President Mary McAleese has warned against the ghettoisation of immigrants and said newcomers must be given every chance to join society's mainstream.
In a wide-ranging address to a seminar hosted yesterday by the Immigrant Council, Mrs McAleese suggested that Ireland had "no excuse for getting it wrong and every chance to get it right" on immigration and diversity. As with Irish emigrants, it was natural for immigrants here to long for the familiar and find comfort among their compatriots. However, just as Irish emigrants wanted to join the mainstream in their adoptive countries, the same would be true of new arrivals in Ireland.
"We have to have the willingness to strike out into the mainstream but the mainstream has to be very, very careful that in the message it is sending out, in the way that it conducts itself, it's not creating hermetic seals that are hard to permeate," the President said.
"The incubation of ghettoisation, just as it didn't help any other immigrant group anywhere in the world, is not going to help us either. It has no place in our country. It can end up being a short-cut to racism, and that too has no place in our society."
On the education system, Mrs McAleese argued that in the reception given to the 6 per cent of the school population who were not born here, "we are sketching the future shape and character of our society".
While intense and urgent work was being done in areas including teacher training, the provision of support teachers and intercultural training, she identified language training as "the single most important, cross-cutting, life-transforming" area.
"Twenty-eight thousand children in our schools today do not speak English as a first language. Everything we do, or everything we fail to do, we will pay the price for, or we will reap the rewards of, in a very short period of time," she continued. Mrs McAleese said those who had legitimate concerns about the impact of migration had to be heard.
"It is important that we create a space for those voices so that worries not in the least racist in themselves do not fester into racism, but rather are talked out and dealt with in an 'all of us together' way rather than an 'us and them' way. Those who come here are now 'us'. There is no 'them'. There is just us, all of us."
Remarking on the economic and social benefits of inward migration, Mrs McAleese said: "This influx of talent, cultures and peoples presents us with a new set of realities, a new set of opportunities to build on, and challenges to deal with, to ensure that tomorrow's Ireland is a place that is flourishing humanly as well as being prosperous."
The founder of the Immigrant Council, Sr Stanislaus Kennedy, said Ireland was now recognising the importance of integration, but that much more needed to be done. "We hear talk about the successes and failures of our integration policies but the reality is, we don't yet have one," she said. "Effective integration won't just happen.
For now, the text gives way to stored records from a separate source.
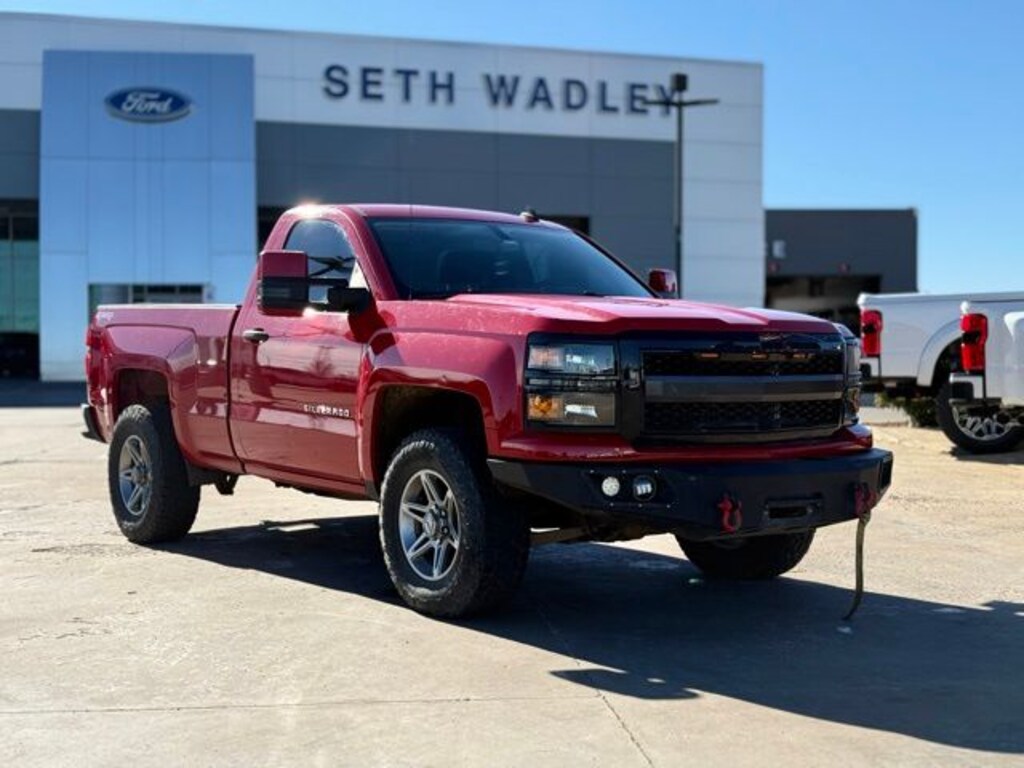 Used 2014 Chevrolet Silverado 1500 LT Truck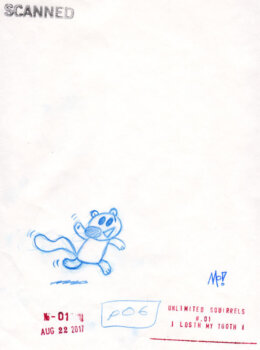 Let’s Zip to It Sketch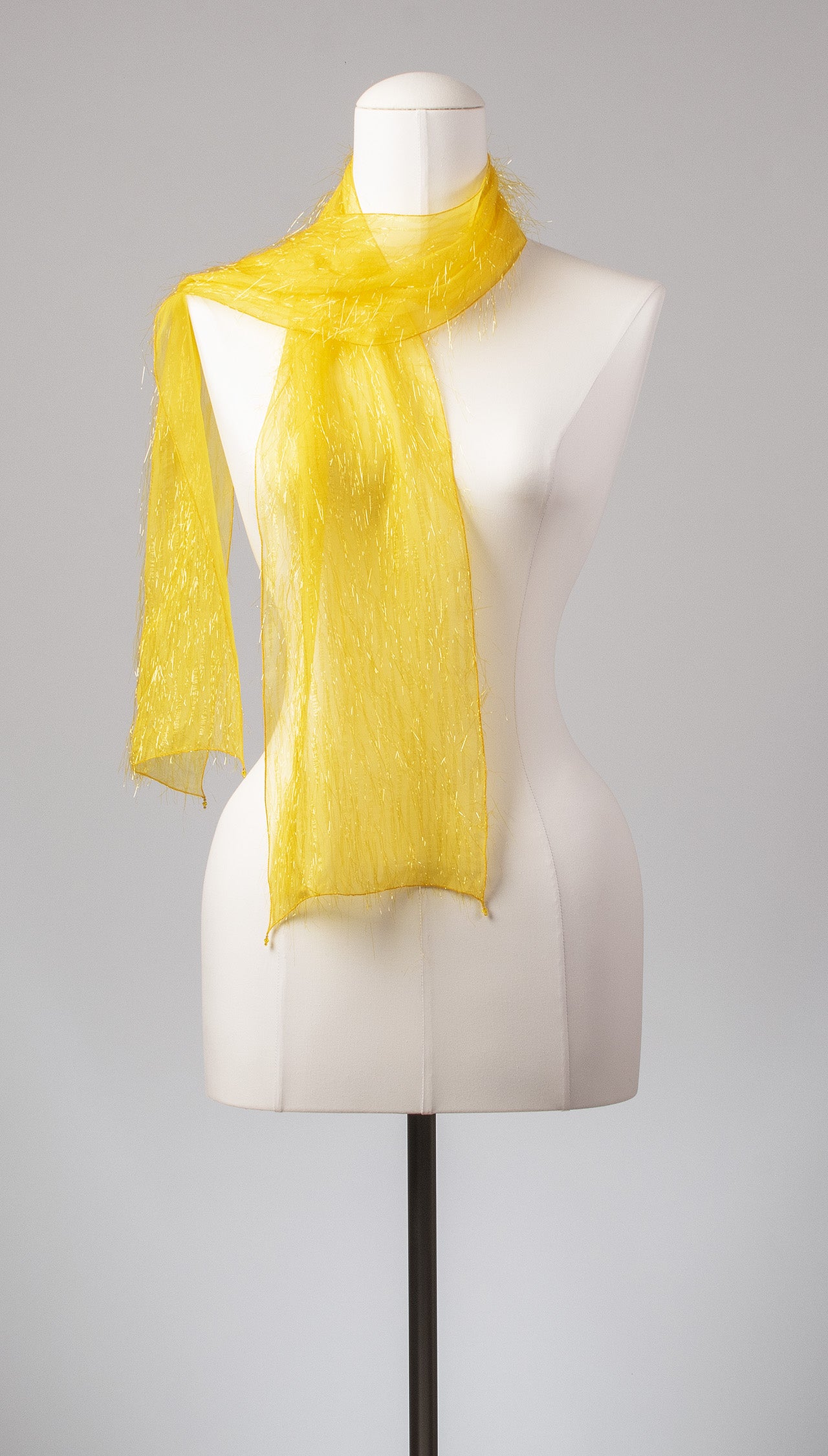 Seidenschal | Damenschal "Little Sunny Sunshine"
It requires leadership and appropriate resources."
Dr Demetrios Papademetriou, president of the Migration Policy Institute in Washington, told the meeting that the world was entering an "age of mobility", where people did not move across borders permanently, but rather for short periods of time.
This would present states with a "major challenge" as the policy tools currently in use were more suited to older understandings of migration.
The meeting also heard from the Mayor of Portlaoise, Rotimi Adebari. The Richness of Change, a series of short films documenting the experiences of migrants in Ireland, and produced by the Forum on Migration and Communications at DIT, was launched at the event.